History of St Barnabas Church
In 1884, congregations of over 150 were meeting regularly in a room, known as the Mission Hall which was above the Co-operative shop in Park Road, but a room on the ground floor was needed and, at the instigation of the Reverend Alfred Binnie, a fund was set up to purchase an “Iron Room” to be built on the present site. By October 1885, meetings and services were being held in St Nicholas Mission Room, as it became known, on land offered by Mr Hawley.
In 1905, the land on the corner of Albion Row (now Albion Street), was bought for £311.15.0 and a licence was granted on 27th November 1905 “for the church to be used as a mission church in a working class area and for the preaching of the word of God, reading common prayers and in celebrating Holy Sacraments”. The church was renamed as St Barnabas Mission Church and the building enlarged by the addition of a sanctuary, fitted with an altar, font, lectern and a heating system.
The vicar at this time was the Reverend Rowland Forster Hanning and there were two curates. Holy Communion services were held on Sunday morning and evening with a Bible class for men and lads in the afternoon. On Mondays there was a Mothers’ Union meeting in the afternoon and a Temperance meeting in the evening. Baptisms with a short service and address and the choir practice took place on Tuesdays.
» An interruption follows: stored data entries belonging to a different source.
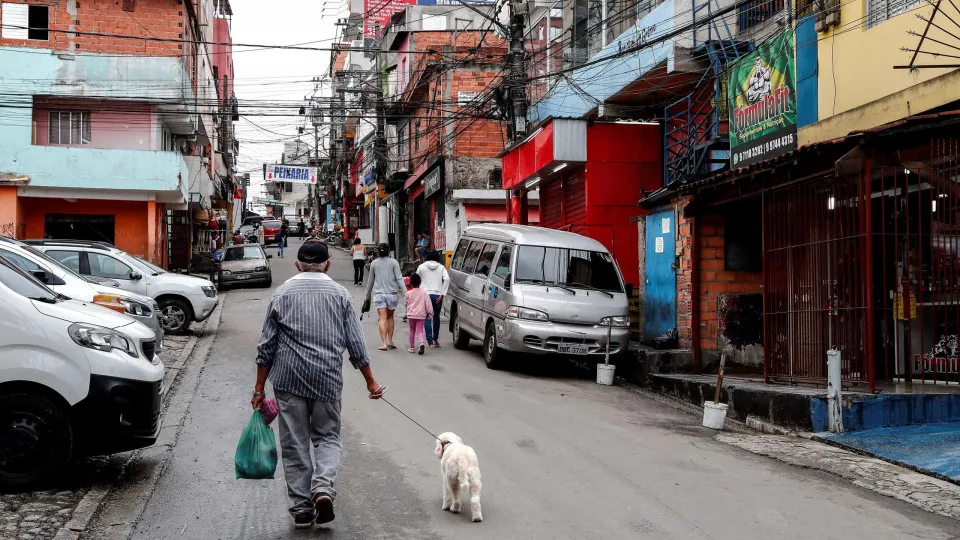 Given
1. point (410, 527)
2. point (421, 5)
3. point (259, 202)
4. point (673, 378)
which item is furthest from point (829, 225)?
point (259, 202)

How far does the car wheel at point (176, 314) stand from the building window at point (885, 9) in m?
12.9

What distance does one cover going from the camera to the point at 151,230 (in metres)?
29.0

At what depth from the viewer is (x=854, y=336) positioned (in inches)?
388

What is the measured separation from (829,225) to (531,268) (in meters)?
→ 5.45

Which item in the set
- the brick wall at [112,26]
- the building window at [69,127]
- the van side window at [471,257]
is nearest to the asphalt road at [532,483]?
the van side window at [471,257]

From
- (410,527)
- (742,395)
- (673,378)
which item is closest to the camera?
(410,527)

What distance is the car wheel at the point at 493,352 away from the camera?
14438 millimetres

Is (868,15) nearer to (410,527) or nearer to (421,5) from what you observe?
(410,527)

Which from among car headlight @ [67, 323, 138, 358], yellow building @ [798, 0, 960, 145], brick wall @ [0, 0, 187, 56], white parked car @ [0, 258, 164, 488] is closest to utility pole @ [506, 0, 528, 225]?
yellow building @ [798, 0, 960, 145]

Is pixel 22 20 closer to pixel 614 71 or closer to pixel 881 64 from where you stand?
pixel 614 71

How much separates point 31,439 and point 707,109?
49.4 feet

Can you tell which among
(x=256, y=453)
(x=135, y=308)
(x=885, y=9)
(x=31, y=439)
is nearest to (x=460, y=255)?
(x=135, y=308)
The Reverend Hanning conducted the first service of Holy Communion on Sunday 14th January 1906 and his letter in the Parish Magazine states “This is a change bringing new opportunities. I appeal, therefore, to the congregation of the mission church to make all the use they can of this opportunity of gaining God’s strength and grace through this, the greatest of the church services, and of binding themselves together into a strong body of earnest Christians by their mutual intercession at Holy Communion, if possible, twice every month.”